According to various embodiments, the lower portion 6100 may include a reservoir from the compressor hydraulic and lubrication systems such that the fluid reservoir is provided within the casing 6010.

As shown in FIG. 70, casing 6010 also includes a cam cover 6130 that surrounds and protects the cam and cam follower (eg, cam 1050 and follower 1060 as shown in FIG. 40). A lubricant distribution system 6140 (eg, an oil pump and an oil-filled reservoir) is connected inside the cover 6130 via a conduit 6150 to bring the lubricant to the cam and cam follower, especially the interface between the cam and cam follower (figure). (Shown in 39) is applied (eg, sprayed or dropped). In various embodiments, the system may be configured to form an oil bath, and parts of the cam and cam follower may be submerged in the oil bath for part or all of the operation. The system may be configured to produce optimal oil levels to maximize the lubrication provided to the cams and cam followers, while minimizing adverse effects such as oil splattering and the formation of air bubbles in the oil. In FIG. 70, the system 6140 is shown as being outside the casing 6010, but instead, for example, the entire system 6140 and the conduit 6150 may be located inside the casing 6010. As shown in FIG. 72, the rotary seal 6160 seals the rotary interface between the shaft 6020 and the cover 6130. Such a seal 6160 may include a mechanical seal (eg, a ring). The seal 6160 provides drainage and hydrostatic pressure to prevent further leakage of working fluid that may leak into the cover 6130 through the drive shaft to the surrounding environment outside the cover 6130 and the casing 6010. Seals to be included may include multipart hydraulic seals such as 1500, 6200.

As shown in FIG. 73, the oil conduit 6170 in the upper portion 6030 can supply oil to the hydrostatic bearing 6070. The hydrostatic bearing 6070 includes two other bearing pads 6070a, b (shown on the right and left sides of FIG. 73) with a gate 6070 in between (rather than a single O-shaped or oval bearing). The two-piece bearing 6070 is good for facilitating grinding of the bearing 6070 and the gate 6080 when the bearing 6070 and the gate 6080 are inserted into the matching slots formed in the upper portion 6030 of the casing 6010, the bearing 6070 and the gate 6080. Reduce the gap between.

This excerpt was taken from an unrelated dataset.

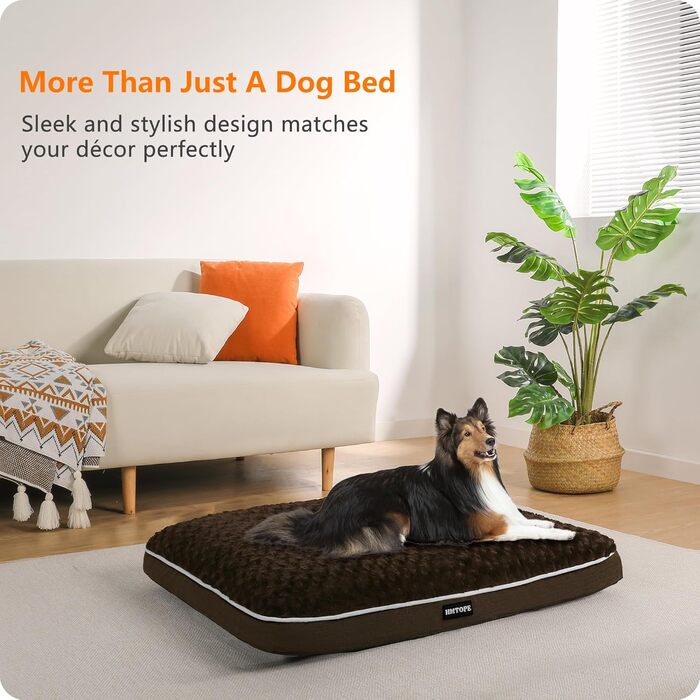 Ортопедичне ліжко для собак, матрац для собак з двошаровим дизайном, миється, знімний кошик для собак, 90 см для собак маленьких та середніх порід, коричневий L 89 x 59 x 10 см, коричневий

As shown in FIG. 74, a gate annular mechanical / hydraulic seal 6200 surrounds the gate 6080 and seals the interior of the compression chamber 6040 from the hydrostatic bearing 6070 and the lower portion 6100 of the casing 6010. The gate annular hydraulic seal 6200 functions like the seal 1500 to isolate the compression chamber 6040 from the external environment, except that the seal 6200 seals the reciprocating gate 6080 rather than the rotary drive shaft. The seal 6200 has a compression chamber 6040.
From to bearing 6070, the first seal 6210, the discharge groove (eg vent) 6220, the second seal 6230, the hydraulic fluid groove 6240, and the third seal 6250 are included. According to various embodiments, the seals 6210, 6230, 6250 and the grooves 6220, 6240 extend continuously around the entire perimeter of the gate 6080. Each of the seals 6210, 6230, 6250 may be a single continuous seal, such as an O-ring, or a seal consisting of a plurality of parts formed with a complete perimeter around the gate 6080. You may.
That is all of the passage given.